Senator Chuck Grassley (R-IA), one of the most powerful and influential members of the Senate, told Axios he may be ready to pass legislation that would make it much more difficult for President Donald Trump to impose new trade tariffs:
“Grassley said he would take a favorable view of legislation limiting the administration’s power to impose tariffs to protect national security (known as Section 232 authority). ‘Maybe the definition of national security or maybe the conditions under which national security could be used as an excuse is a little wide.'”
Grassley’s comments come just hours after Trump said on Twitter that China had agreed to remove all tariffs on cars coming into China from the United States:
China has agreed to reduce and remove tariffs on cars coming into China from the U.S. Currently the tariff is 40%.
— Donald J. Trump (@realDonaldTrump) December 3, 2018
China, however, did not confirm that any tariffs on cars had been eliminated, according to the BBC:
“China and the US had instructed their economic teams to ‘intensify talks’ towards removing all tariffs following the G20 meeting, However, it did not say if that was a plan with specific goals or something that was merely desirable.”
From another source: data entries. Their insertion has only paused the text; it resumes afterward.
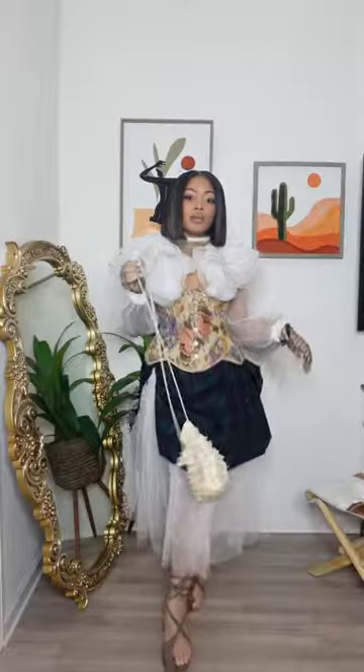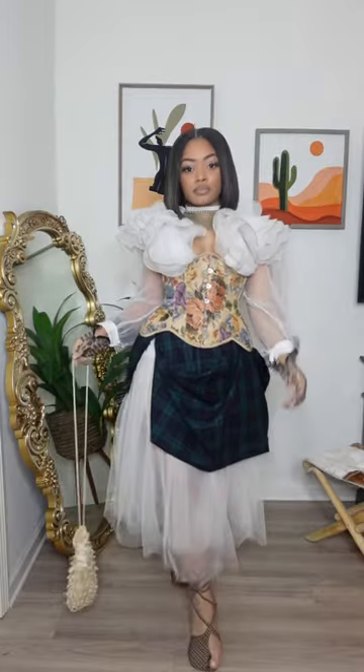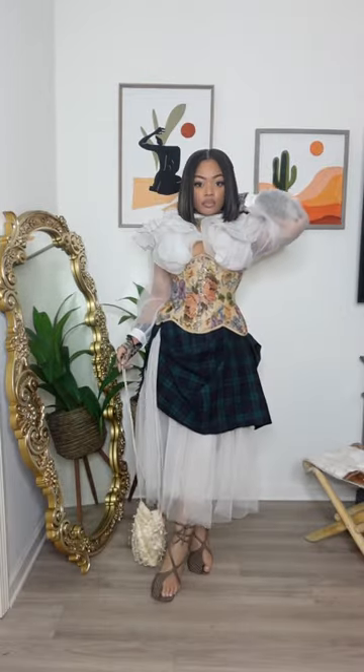And just like that, you look like a Vivienne Westwood model. You're ready to hit the runway, and you look iconic.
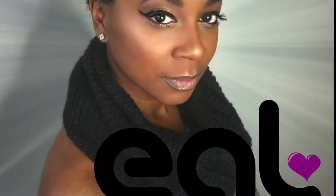Hey guys, it's Tamara Wren with EGL, and today I'll be showing you how to achieve this flawless glow with minimal products.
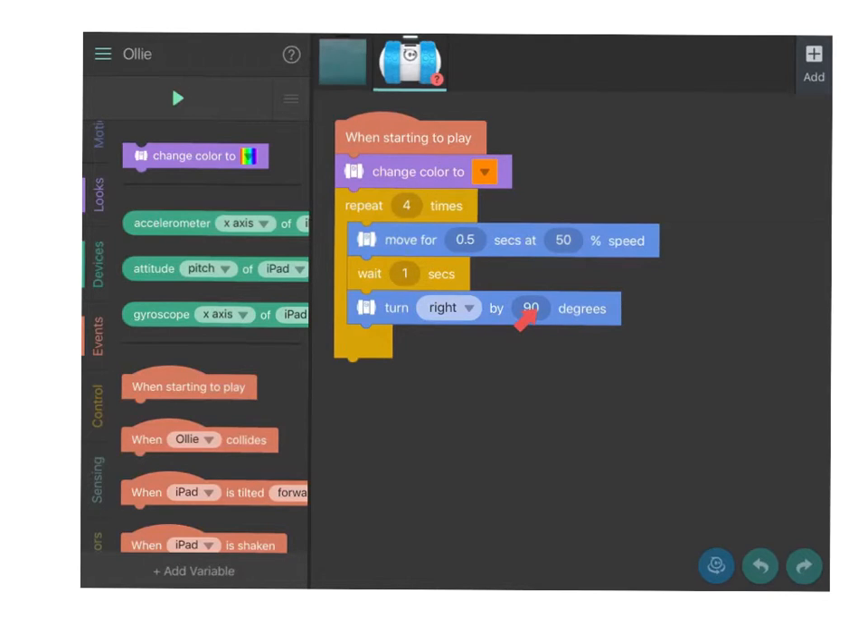Here's an example of using this specific code but changing it from 0.5 seconds to 2 seconds at 80% speed.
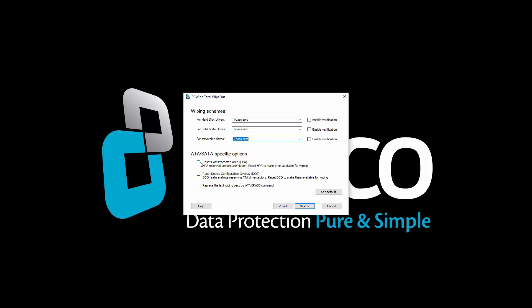BCwipe Total Wipeout supports HPA, DCO, and ATA Erase Commands. Select the desired options and click Next.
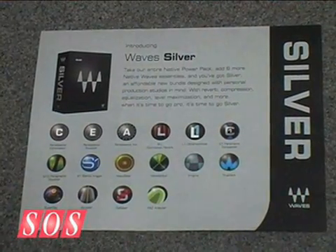The first thing we have is the new Silver Bundle. This is a native-only bundle for people who want to take an upgrade from the Native Power Pack or one of the Musician's Bundles, effectively bringing them back up and getting them close to a pro sound. 16 plugins, the price point is $900 so street price will be a bit less, but this is a great way to get to that next level, to get the best sound, the fattest sound that you can get.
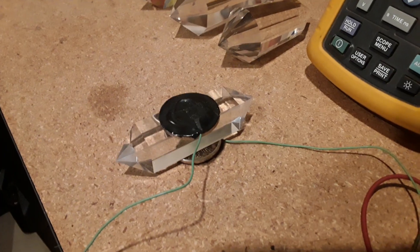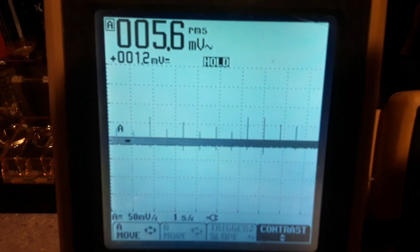This is a four-sided Vogel crystal and this is the output.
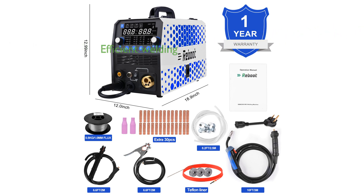With features like inductance adjustment, reduced spattering, and improved melt pool stability, this welder ensures high quality and efficient welding results.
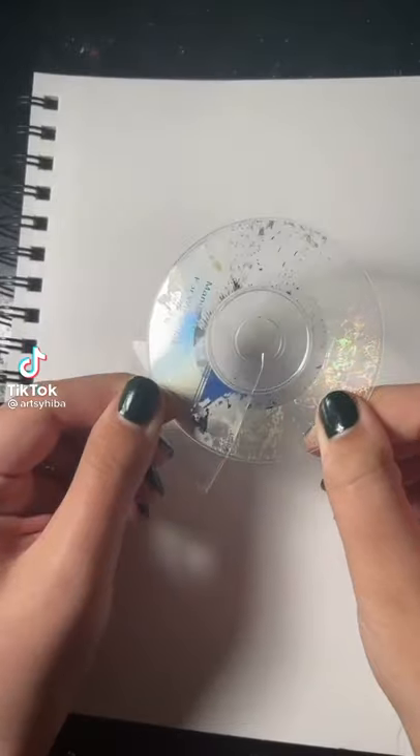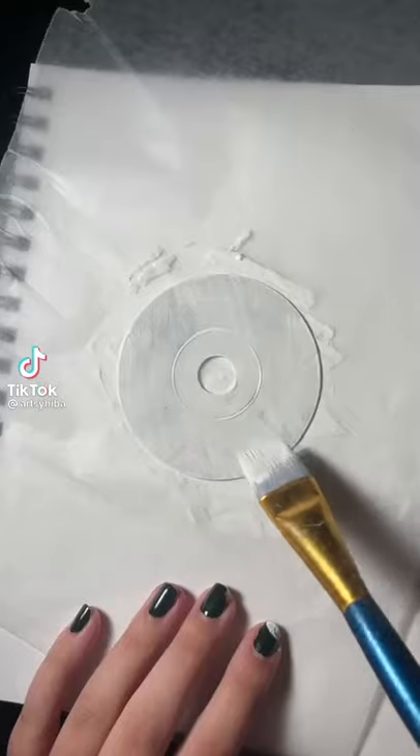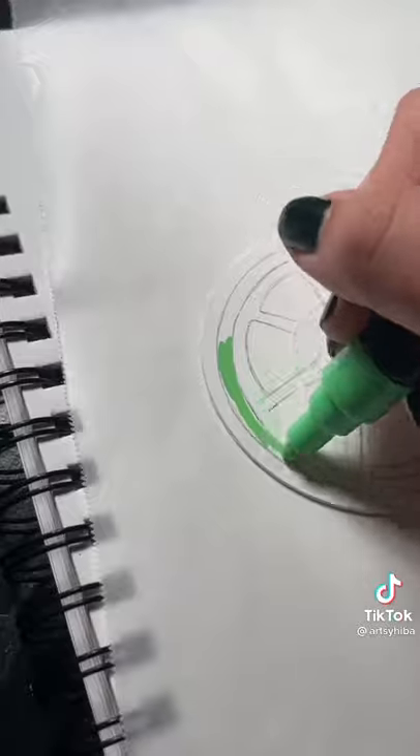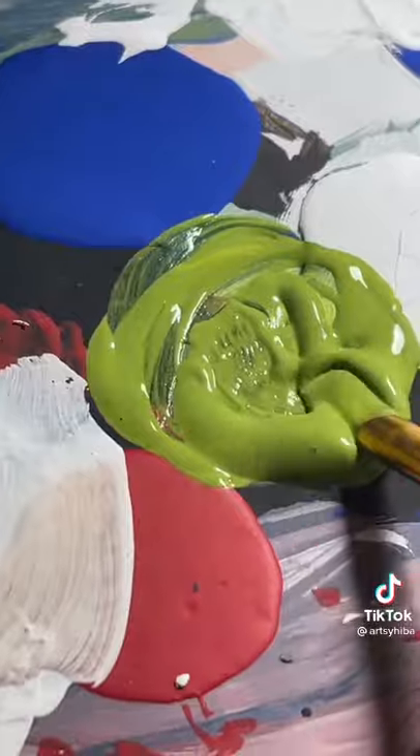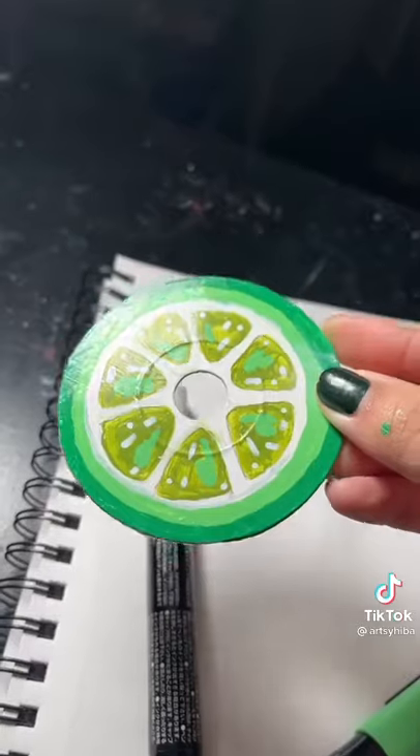I found this mini CD in my stack of normal CDs and I really wanted to paint it, so I did. I decided to paint a lime with acrylic paint and paint pens because I thought it would turn out cute. Then I just sealed it with Mod Podge and this is how it turned out.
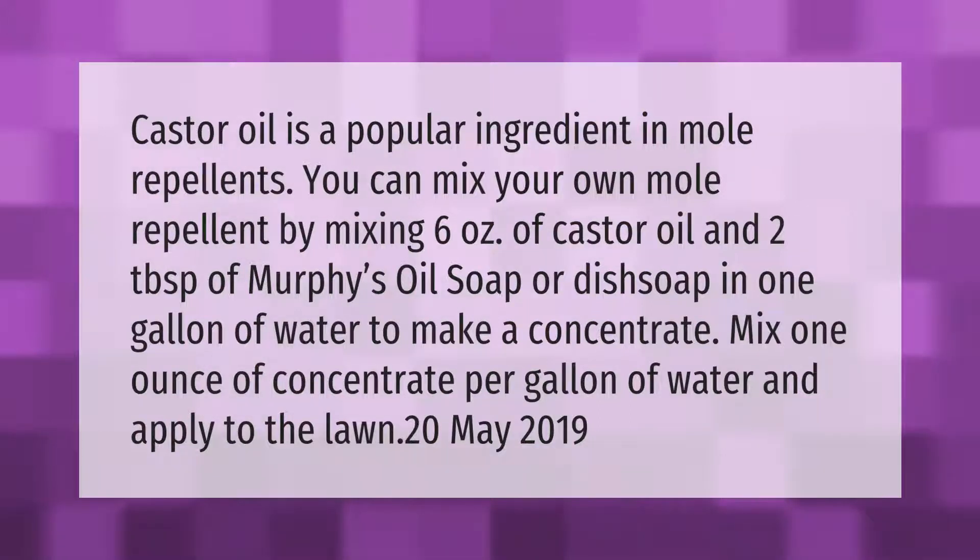Castor oil is a popular ingredient in mole repellents. You can mix your own mole repellent by mixing six ounces of castor oil and two tablespoons of Murphy's Oil Soap or dish soap in one gallon of water. To make a concentrate, mix one ounce of concentrate per gallon of water and apply to the lawn.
Grassley’s comments are important because they suggest that free trade advocates in Congress may be ready to battle Trump on the issue of trade:
“Members of Congress sound increasingly worried they’ll need to block the president from putting massive new tariffs on auto imports. Trump already used Section 232 to tax steel and aluminum, and he is now looking to use it to impose tariffs of more than 20% on foreign cars.”
The president’s trade war has been especially painful for American farmers, who have lost access to one of the largest markets in the world. U.S. soybean growers have been hit especially hard, and Grassley’s home state of Iowa is suffering badly under Trump’s restrictive tariffs and China’s retaliatory moves.
It remains to be seen if Grassley and other Republicans will actually follow through with their threats of trade legislation, and it seems unlikely Trump would sign any such bill unless it was part of a larger spending measure, even though his ongoing trade war threatens to sink the American economy and lead to a deep recession, according to economists.